Sortie le mercredi 29 novembre 2017


 


Après avoir réalisé en 2007, Sablé-sur-Sarthe, Sarthe, pour s’interroger sur les silences de son enfance, Paul Otchakovsky-Laurens revient à la caméra dix ans plus tard et se remet en scène accompagné de son double, une poupée d’adolescent, imaginée par Gisèle Vienne.


 

L’éditeur, plus connu sous l’acronyme P.O.L., a depuis longtemps pignon sur rue, mais il continue à douter de sa vie et du métier même d’éditeur. Ce film pose la question fondamentale : pourquoi les uns écrivent et d’autres les éditent ? Qu’est-ce qui pousse à vouloir décider du sort d’un manuscrit et, partant, d’un écrivain ? Avec sincérité, parfois seul ou flanqué de son double marionnette, parfois remplacé par une voix-off parce qu’il se trouve piètre comédien, P.O.L. crève l’écran.

Un acteur et une actrice y jouent également les rôles de deux auteurs ; l’une est heureuse car son manuscrit est finalement accepté, l’autre se voit refusé, après avoir fait le tour de Paris, ce qui permet à P.O.L. de retracer pour nous le cheminement de sa carrière. Le cinéaste-éditeur avoue qu’il aurait aimé réaliser ce film à la manière de Avi Mograbi et qu’il y eût des sous-titres en hébreu.


 


 


 

Muet à l’écran, il s’impose dans ses bureaux, dans son métier de lecteur et de découvreur de talents littéraires. Ce film donne presque envie d’écrire, pas parce que cela paraît facile, mais parce qu’on a l’impression que l’éditeur lit tout, s’occupe de tout - il se montre même bienveillant avec des assistantes d’une blondeur vénitienne préraphaélite. La bonne idée du film est de faire dire par les acteurs des extraits des lettres de motivation des auteurs et des réponses que l’éditeur leur a faites.
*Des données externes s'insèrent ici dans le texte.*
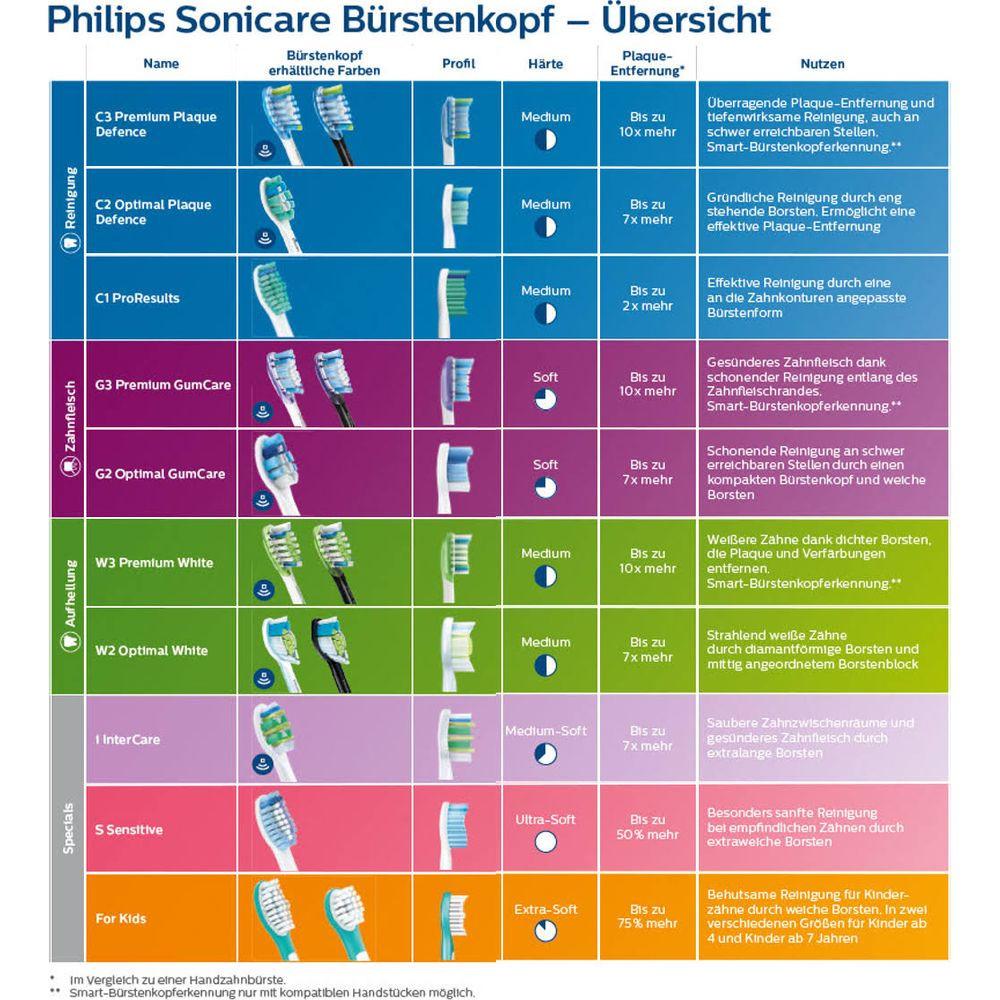 Philips Sonicare Philips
Malgré quelques lenteurs, notamment les deux séquences en noir & blanc qui se voudraient ironiques et légères et ne font pas trop mouche, on apprécie ce beau travail qui se termine par un magnifique poème de Antoine Vitez que P.O.L. a publié au tout début des années 80. Ce film est aussi l’occasion pour lui de revenir sur les écrivains qu’il a découverts, entre autres Michel Manière, qui apparaît dans le film, mais aussi Marc Cholodenko, son premier auteur édité - et de présenter ses (rares) proches collaborateurs.


 

Dans le dossier de presse, semblable à un petit ouvrage blanc de la maison au logo si particulier, qui évoque, selon l’éditeur, le K.O. du jeu de go, on découvre cet aveu : "Je suis très attentif à laisser survenir ce qui est différent, perturbant, incongru, inattendu. Le problème était de tout faire tenir à l’intérieur d’un seul film."

Apparemment, c’est pari tenu : le film se tient et nous tient presque en haleine avec, parfois, de petites touches d’humour so british, comme ces courts envois d’auteurs : "J’espère que vous prendrez autant de plaisir à lire ce manuscrit que j’en ai chié à l’écrire" ou encore : "Sachez qu’il m’a fallu vingt ans pour accoucher de ce livre dans sa version actuelle." La littérature, en effet, est bien un sport de combat.

Jean-Max Méjean
Jeune Cinéma en ligne directe

Éditeur. Réal, sc : Paul Otchakovsky-Laurens ; ph : Emmelene Landon ; mont : Camille Cotte. Int : Jocelyne Desverchères, Anthony Moreau (France, 2016, 83 mn). Documentaire.